Noonum Week in Themes: Cyber Strength, Energy Alternatives, and Surging Food Prices

What happened?

Last week’s column posed several scenarios for the escalating conflict at the Ukrainian border, with speculation about what the most severe option – a full fledged Russian invasion – might imply for equity markets.

Markets opened nervously to start the week, bleeding lower Tuesday and Wednesday before equity futures plummeted Wednesday night on news that the Russian invasion of Ukraine had commenced.

At its low on Thursday morning the Nasdaq had tumbled into bear market territory, measured by a 20% decline from its high, while the S&P 500 bottomed at 4,114.65, nearly 15% off its early January high.

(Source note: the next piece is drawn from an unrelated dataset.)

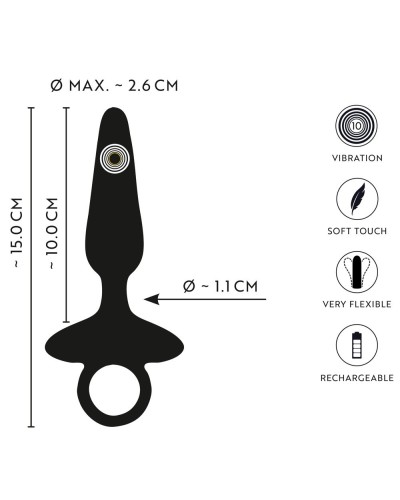 Plug  Slim Vibes 10 x 2.6cm sextoys et accessoires sur La Boutique du Hard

Above all else, the market hates uncertainty.

Conflicting headlines, ambiguity around the scale of the planned Russian advance, looming U.S. and European sanctions, and crude oil eclipsing $100/barrel left investors in a frenzied panic.

President Biden announced a softer set of sanctions than possible in a Thursday afternoon press conference, sparking a vicious V-shaped rally that saw the S&P finish up 0.82% for the week. The Nasdaq’s 6.7% swing on Thursday, from down 3.3% to up 3.4%, was the most significant intraday move since 2008.

The long held wartime refrain calling for investors to “buy at the sound of cannons” seems to have prevailed once more, at least for now.

Themes in focus:

Thematic activity was driven by the Russia-Ukraine conflict and global response.

What worked?

Cybersecurity

Fears that President Putin would target Ukrainian infrastructure and authorize attacks on NATO-members with state-sponsored cyberattacks sparked a surge in stocks within the space.

This group hasn’t been immune to the dramatic growth selloff that started in mid-November, but is poised to benefit from increased spending on cyber defense by companies and government organizations.

The First Trust Cybersecurity ETF (CIBR) posted a 5.7% gain on the week, while the Global X Cyber ETF (BUG) notched a 6.6% rise.

The outperformance in BUG was driven in part by greater relative exposure to Palo Alto Networks, an industry mainstay that surged 18.2% last week on the back of blowout earnings.

Clean energy

One of the initial responses to the Russian invasion was an announcement from Germany halting certification of the recently constructed Nord Stream 2 pipeline, a much anticipated new channel for delivering natural gas to western Europe.

Energy stocks and commodities popped initially, but had a surprisingly tepid week – sluggish follow-through suggesting waning investor appetite for a sector that’s already had a massive move in recent months.

Still, the run-up in oil and gas prices in recent months has only further exposed the need to transition to more sustainable long-term energy solutions. Russian oil and natural gas exports have also been noticeably absent from the sanctions list – demonstrating how dependent much of Europe remains on these commodities.

Surging prices and geopolitical leverage have triggered renewed interest in renewable stocks – particularly wind, solar, hydrogen, and nuclear. Clean energy has been beaten up with the rest of growth tech, but the iShares Clean Energy ETF (ICLN) was amongst the best performing themes in the market last week, adding 7.2%.

Find it with Noonum:

Clean energy is a complicated “meta-theme”, an evolving industry where new terminology is frequently introduced.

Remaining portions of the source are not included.